[IPSM] Second Anniversary of the Grassy Narrows Blockade

Devin Butler devburke at hotmail.com
Fri Dec 3 15:30:26 PST 2004


Second Anniversary of the Grassy Narrows Blockade
December 3, 2004

Two years ago today, youth from the Anishinabe Indigenous community of 
Grassy Narrows errected a blockade on their territory (in what is present 
day western Ontario) to oppose the clearcutting of their forests by 
Abitibi-Consolidated, a Montreal-based pulp and paper corporation.
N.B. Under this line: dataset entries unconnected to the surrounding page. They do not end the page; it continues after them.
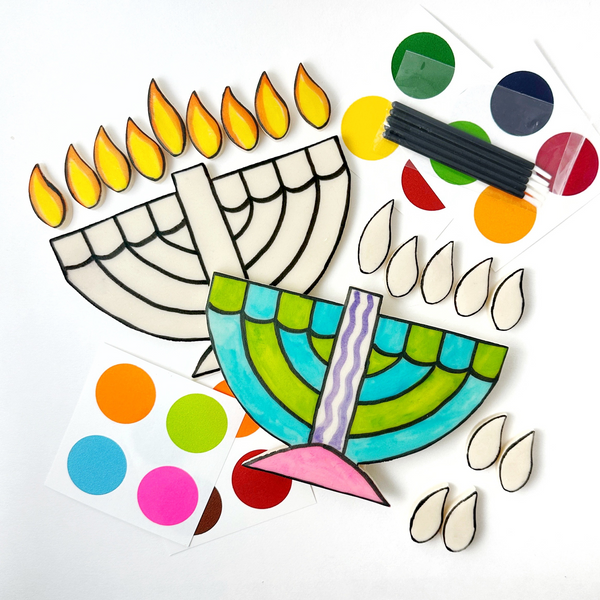 paint-your-own hanukkah menorah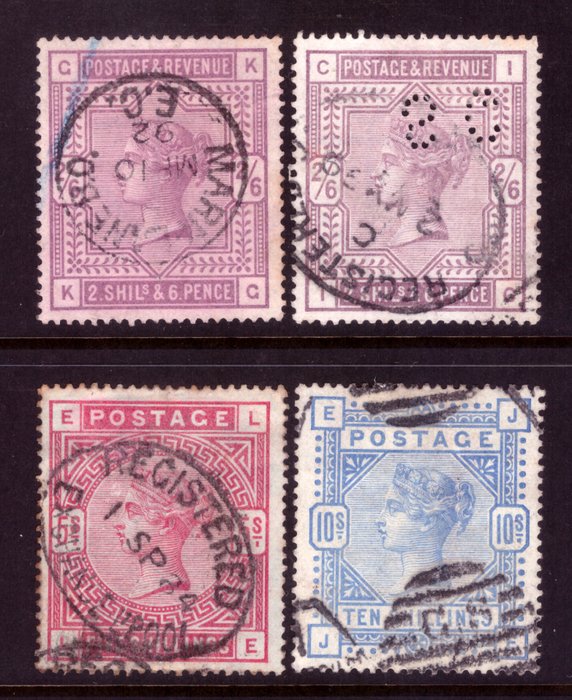 Storbritannien 1883/1884 - sæt - Stanley Gibbons 178-183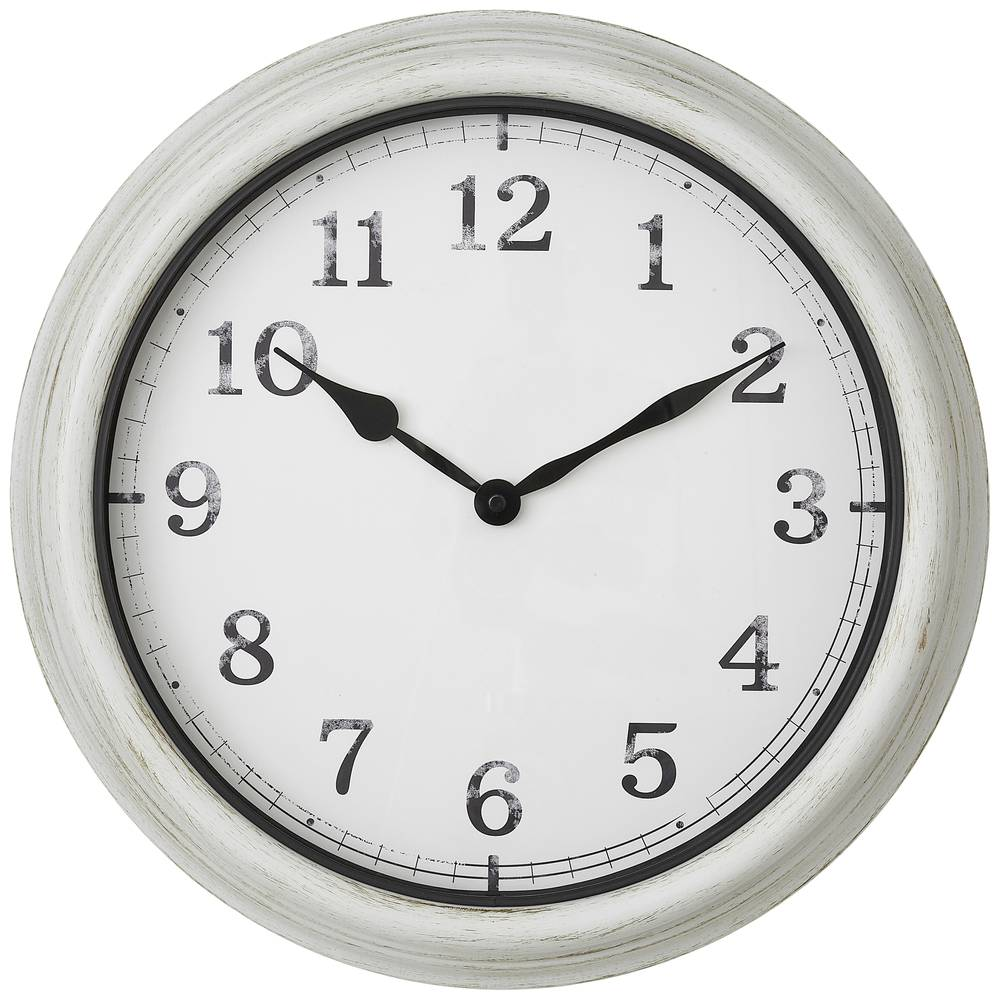Tfa Dostmann 60.3067.02 Quarz Outdooruhr 380 Mm X 63 Mm Weiß Uhr Zeitmesser B-Ware - 4009816038814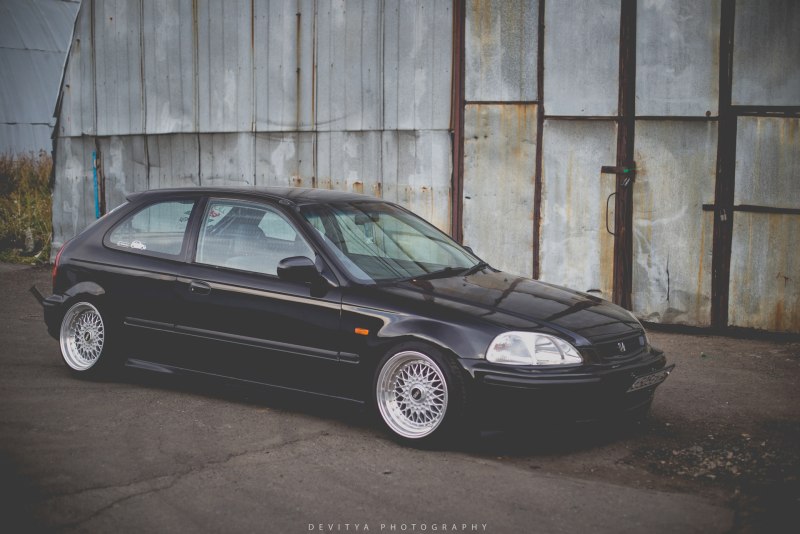 Honda Civic 6 Hatchback Black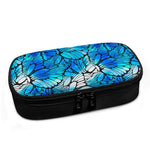 Blue Butterfly Wings Pattern Print Insulin Cooler Travel Case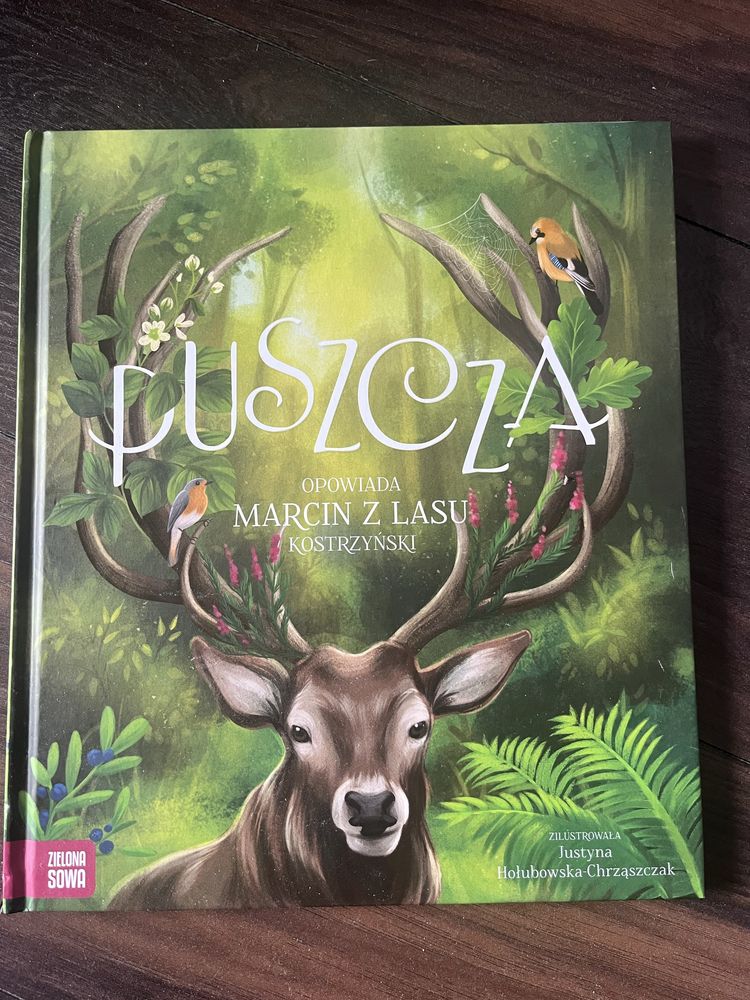 Książka dla dzieci Puszcza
The 
blockade still stands to this day, a clear sign of the community's continued 
struggle for dignity and justice, and for an end to the colonial and 
exploitative relationship between the Anishinabe Nation and the Canadian 
state.  While some members of the Grassy Narrows community are seeking 
solutions through negotiations with Canadian politicians and 
Abitibi-Consolidated representatives, others from Grassy continue to 
organize on the grassroots level, and to assert their inherent traditional 
rights, such as hunting, fishing and harvesting from the land.  Such 
practices, in this context of ongoing state and corporate colonialism, are 
inspiring acts of resistance and defiance. Until the voices of the youth of 
the community are heeded, blockades will continue to be errected in Grassy, 
and elsewhere, and the Canadian state and it's corporate allies will 
continue to be met by militant opposition.

For more information about groups organizing in solidarity the Grassy 
Narrows community, visit www.friendsofgrassy.com or contact the Indigenous 
Peoples Solidarity Movement in Montreal
(ipsm at resist dot ca).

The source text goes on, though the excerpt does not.